What's more, I suspect schedule() may cause another process to exit that
would otherwise first take a signal, and signal delivery then repeats
the vma teardown on process exit. At least that is how I read those
'table already freed' stack traces.
It's not clear to me which pre-emption opportunities remain in
effect. E.g. is full preemption (in effect) the same as voluntary
preemption?
Good question - I'll have to instrument preempt_schedule_irq() and see
if it gets called at all with my patch.
Can't see preempt_schedule_irq() entered with my patch ...
Neither can I: A quick "stress-ng --zombie -1 -t 100" test passed without
ever calling preempt_schedule_irq() in QEMU.
Right. Whenever I allow preemption with IPL (in the saved frame's SR) >
0, I eventually get the 'table already free' panic. Trying to save the
whole frame for later printing in free_pointer_table() hasn't been too
helpful though. The saved frame's PC does not appear anywhere in the trace.
In general, full preemption is not the same as voluntary preemption.
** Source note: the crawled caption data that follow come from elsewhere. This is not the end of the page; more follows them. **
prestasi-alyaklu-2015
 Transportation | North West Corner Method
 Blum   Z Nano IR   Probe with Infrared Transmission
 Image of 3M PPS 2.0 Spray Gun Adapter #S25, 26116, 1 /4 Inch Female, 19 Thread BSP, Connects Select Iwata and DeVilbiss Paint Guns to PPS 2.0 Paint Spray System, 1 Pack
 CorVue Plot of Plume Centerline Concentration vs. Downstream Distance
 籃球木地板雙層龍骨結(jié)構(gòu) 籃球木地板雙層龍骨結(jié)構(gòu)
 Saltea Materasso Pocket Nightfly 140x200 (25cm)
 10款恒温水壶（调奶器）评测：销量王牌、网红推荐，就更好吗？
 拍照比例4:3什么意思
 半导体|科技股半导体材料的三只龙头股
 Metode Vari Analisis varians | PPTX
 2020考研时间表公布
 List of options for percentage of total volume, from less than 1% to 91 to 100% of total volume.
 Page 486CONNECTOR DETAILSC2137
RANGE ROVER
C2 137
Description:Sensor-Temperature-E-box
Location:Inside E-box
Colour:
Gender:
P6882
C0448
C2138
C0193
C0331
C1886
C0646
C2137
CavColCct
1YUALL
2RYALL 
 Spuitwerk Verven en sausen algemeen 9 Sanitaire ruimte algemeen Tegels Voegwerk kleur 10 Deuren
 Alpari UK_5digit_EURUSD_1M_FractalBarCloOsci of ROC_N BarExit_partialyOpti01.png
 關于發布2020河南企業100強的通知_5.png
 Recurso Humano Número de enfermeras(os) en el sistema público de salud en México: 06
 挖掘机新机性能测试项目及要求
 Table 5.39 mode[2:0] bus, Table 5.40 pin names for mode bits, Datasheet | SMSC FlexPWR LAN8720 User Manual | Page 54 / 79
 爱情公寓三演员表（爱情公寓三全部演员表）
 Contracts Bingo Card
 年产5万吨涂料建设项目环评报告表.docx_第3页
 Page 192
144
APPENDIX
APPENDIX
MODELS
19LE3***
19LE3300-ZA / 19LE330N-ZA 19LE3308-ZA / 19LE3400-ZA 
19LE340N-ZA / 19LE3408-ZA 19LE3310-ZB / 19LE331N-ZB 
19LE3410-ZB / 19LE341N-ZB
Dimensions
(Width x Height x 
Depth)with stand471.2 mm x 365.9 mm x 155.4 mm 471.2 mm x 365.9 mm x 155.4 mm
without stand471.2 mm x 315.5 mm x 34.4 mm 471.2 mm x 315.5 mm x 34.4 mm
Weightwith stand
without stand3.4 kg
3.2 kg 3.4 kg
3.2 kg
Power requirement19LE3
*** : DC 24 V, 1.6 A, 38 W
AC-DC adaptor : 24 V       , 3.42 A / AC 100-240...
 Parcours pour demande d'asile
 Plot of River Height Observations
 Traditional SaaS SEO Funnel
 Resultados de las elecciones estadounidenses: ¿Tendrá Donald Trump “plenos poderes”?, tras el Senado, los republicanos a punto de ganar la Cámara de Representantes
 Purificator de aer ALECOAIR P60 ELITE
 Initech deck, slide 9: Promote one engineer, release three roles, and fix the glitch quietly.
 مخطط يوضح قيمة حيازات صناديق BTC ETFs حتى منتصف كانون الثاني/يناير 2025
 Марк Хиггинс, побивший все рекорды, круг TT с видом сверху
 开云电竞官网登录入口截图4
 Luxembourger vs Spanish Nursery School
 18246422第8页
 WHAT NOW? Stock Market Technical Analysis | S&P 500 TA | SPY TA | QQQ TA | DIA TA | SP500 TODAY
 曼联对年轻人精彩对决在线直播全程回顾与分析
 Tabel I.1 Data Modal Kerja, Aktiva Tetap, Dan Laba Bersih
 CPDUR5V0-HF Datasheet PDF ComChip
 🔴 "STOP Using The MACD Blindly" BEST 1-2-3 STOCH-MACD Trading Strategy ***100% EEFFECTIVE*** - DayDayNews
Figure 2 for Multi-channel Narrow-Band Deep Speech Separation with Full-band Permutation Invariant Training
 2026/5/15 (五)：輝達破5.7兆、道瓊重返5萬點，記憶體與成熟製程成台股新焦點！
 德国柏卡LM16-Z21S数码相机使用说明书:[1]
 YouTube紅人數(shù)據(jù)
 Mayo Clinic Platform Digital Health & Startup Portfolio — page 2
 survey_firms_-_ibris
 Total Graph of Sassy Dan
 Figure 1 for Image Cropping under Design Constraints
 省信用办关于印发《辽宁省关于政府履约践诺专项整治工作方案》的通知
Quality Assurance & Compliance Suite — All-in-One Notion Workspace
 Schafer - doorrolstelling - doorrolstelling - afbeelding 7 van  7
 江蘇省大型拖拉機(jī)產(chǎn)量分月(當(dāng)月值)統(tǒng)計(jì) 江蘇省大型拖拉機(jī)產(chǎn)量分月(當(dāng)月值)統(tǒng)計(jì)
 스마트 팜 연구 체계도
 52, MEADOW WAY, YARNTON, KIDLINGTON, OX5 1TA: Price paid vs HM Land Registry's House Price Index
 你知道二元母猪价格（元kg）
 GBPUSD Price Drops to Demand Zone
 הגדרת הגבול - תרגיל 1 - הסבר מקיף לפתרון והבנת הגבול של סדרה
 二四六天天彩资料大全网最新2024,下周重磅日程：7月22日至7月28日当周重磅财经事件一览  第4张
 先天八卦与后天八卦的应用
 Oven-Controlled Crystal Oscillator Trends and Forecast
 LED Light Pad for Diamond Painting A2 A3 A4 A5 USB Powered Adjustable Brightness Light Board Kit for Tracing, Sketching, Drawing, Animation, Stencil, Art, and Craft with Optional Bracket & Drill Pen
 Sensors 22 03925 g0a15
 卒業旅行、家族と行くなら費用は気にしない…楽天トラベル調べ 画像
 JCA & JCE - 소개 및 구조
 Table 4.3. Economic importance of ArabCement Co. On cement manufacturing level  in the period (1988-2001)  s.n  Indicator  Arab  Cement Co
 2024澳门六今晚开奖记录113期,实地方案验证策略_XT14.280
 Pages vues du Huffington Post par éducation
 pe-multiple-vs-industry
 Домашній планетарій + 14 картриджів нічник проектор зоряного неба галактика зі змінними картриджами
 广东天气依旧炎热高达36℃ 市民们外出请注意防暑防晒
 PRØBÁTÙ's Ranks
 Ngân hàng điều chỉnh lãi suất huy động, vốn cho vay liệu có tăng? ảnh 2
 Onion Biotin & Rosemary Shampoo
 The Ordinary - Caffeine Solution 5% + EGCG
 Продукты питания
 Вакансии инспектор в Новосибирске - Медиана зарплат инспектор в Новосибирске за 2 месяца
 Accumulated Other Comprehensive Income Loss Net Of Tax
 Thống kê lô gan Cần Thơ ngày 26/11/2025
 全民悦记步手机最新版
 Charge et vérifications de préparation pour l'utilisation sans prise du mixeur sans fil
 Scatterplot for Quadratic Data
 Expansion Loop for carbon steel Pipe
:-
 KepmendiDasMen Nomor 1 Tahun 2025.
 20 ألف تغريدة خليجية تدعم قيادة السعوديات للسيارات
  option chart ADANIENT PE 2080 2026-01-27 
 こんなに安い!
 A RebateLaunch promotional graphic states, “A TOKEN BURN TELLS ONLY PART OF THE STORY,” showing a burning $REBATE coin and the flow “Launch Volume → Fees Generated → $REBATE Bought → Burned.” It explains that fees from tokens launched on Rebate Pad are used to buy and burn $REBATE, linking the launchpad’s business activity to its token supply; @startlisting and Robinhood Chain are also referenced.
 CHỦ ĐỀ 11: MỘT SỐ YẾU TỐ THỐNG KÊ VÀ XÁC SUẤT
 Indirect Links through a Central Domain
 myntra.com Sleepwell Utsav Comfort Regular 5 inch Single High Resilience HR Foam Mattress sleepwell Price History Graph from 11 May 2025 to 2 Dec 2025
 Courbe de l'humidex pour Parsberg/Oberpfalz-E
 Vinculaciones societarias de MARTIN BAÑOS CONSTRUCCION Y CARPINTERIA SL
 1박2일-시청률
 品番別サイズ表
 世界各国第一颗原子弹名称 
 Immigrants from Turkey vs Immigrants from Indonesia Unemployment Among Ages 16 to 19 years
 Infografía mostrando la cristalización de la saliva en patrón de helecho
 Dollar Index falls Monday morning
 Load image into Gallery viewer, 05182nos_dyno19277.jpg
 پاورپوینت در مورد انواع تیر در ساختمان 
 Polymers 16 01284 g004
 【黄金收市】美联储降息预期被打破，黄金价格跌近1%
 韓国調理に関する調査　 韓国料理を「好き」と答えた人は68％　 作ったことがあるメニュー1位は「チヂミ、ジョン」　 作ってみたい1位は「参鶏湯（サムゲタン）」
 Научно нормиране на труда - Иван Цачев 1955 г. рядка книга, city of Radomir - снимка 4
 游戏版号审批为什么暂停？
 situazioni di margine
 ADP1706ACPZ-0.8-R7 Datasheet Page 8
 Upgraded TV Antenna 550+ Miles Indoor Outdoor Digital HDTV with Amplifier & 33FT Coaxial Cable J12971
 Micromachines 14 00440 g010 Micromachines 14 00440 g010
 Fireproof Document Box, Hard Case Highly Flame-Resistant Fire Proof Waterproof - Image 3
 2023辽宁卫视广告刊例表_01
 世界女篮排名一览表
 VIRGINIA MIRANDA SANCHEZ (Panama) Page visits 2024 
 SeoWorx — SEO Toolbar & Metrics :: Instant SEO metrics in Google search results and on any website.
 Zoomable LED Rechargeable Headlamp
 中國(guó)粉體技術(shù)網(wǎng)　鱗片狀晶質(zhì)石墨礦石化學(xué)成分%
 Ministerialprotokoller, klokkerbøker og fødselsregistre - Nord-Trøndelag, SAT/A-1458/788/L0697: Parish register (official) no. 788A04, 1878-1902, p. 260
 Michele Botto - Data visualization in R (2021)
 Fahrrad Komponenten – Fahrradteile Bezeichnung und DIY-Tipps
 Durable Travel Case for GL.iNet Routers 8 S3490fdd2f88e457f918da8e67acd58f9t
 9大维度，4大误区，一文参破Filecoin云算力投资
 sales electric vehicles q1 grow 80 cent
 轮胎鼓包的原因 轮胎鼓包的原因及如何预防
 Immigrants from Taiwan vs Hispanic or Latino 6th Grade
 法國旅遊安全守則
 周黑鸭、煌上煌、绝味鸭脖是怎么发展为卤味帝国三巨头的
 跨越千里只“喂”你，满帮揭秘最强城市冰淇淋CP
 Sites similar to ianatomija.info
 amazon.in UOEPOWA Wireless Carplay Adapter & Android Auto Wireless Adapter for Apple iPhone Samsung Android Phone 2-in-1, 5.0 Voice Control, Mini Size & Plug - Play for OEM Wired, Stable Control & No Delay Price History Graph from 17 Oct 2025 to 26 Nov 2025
Full preemption attempts to preempt on every return from interrupt or
syscall (given certain constraints are fulfilled such as we're not
currently in any interrupt or already preempting, and there's other work
that needs scheduling).
The constraint that interrupts must not be disabled in the saved stack
frame apparently is one constraint too many...
I dropped the mailing list from the recipients in my previous message.
This might a good time to follow up on the list in case Geert can shed
some light.
Adding Geert and list back in now ...
Cheers,
Michael